A trip to the cinema in A Monster In Paris.

They soon regretted buying tickets for The Human Centipede 2.



Release Date: 27 January 2012
U | 90 minutes
Distributor: Entertainment One
Director: Bibo Bergeron
Cast: Vanessa Paradis, Sean Lennon, Adam Goldberg, Jay Harrington, Danny Huston

We don’t give away plot points lightly, but this time we think we owe it to our readers. The “Monster” of the title isn’t really a monster; it’s a giant-sized, gentle flea which bounces around Paris, and then learns to sing. Wearing a Phantom mask. In a nightclub. With the voice of Sean Lennon. Well, anything goes in animation…

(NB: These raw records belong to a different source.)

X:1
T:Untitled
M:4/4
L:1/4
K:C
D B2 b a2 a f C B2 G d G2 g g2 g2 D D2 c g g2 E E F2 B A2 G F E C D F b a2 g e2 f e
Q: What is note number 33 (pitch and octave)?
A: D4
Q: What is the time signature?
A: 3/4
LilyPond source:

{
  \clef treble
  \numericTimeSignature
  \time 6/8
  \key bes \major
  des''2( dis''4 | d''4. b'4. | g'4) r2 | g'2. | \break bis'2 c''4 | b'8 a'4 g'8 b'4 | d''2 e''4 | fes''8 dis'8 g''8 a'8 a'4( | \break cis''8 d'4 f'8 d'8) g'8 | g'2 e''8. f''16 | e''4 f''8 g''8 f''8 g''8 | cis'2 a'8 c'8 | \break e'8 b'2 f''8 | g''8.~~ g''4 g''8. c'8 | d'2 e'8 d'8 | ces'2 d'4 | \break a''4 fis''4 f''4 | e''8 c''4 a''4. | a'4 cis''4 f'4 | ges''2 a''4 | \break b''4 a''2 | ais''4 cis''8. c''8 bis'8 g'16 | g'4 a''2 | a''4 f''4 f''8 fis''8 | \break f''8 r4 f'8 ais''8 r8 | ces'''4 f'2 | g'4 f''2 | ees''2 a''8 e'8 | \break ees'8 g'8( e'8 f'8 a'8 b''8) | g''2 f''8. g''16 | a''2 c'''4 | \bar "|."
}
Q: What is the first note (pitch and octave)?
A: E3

A Monster In Paris is solidly staged and charmingly quirky, but be prepared for a few longueurs, mainly before the flea takes off. The film is aimed at children, but will appeal to fans of cartoon design too. The quaint period Paris, with its pearly mists, its rattletrap vehicles and its civilians in funny shapes and sizes, is delightful. So is the pairing of the flea and the nightclub singer who finds him; she has the sultry tones of French star Vanessa Paradis. It’s a shame that Monster’s release has coincided with Paradis receiving some rather catty attention from the world’s press (two words: Johnny Depp), but at least it may help to get the film noticed.

The film’s other double-act is less appealing: a couple of irritatingly fast-talking buddies who trigger the flea’s transformation. Also, the denouement is rather laboured and obvious, and could have done with some of the vinegar sharpness of Gallic animator Sylvain Chomet (Belleville Rendez-Vous). But as we wait for 2012’s more scary-looking stopmotion films – the zombie pic ParaNorman and Tim Burton’s FrankenweenieA Monster In Paris makes for a pleasant hors d’oeuvre.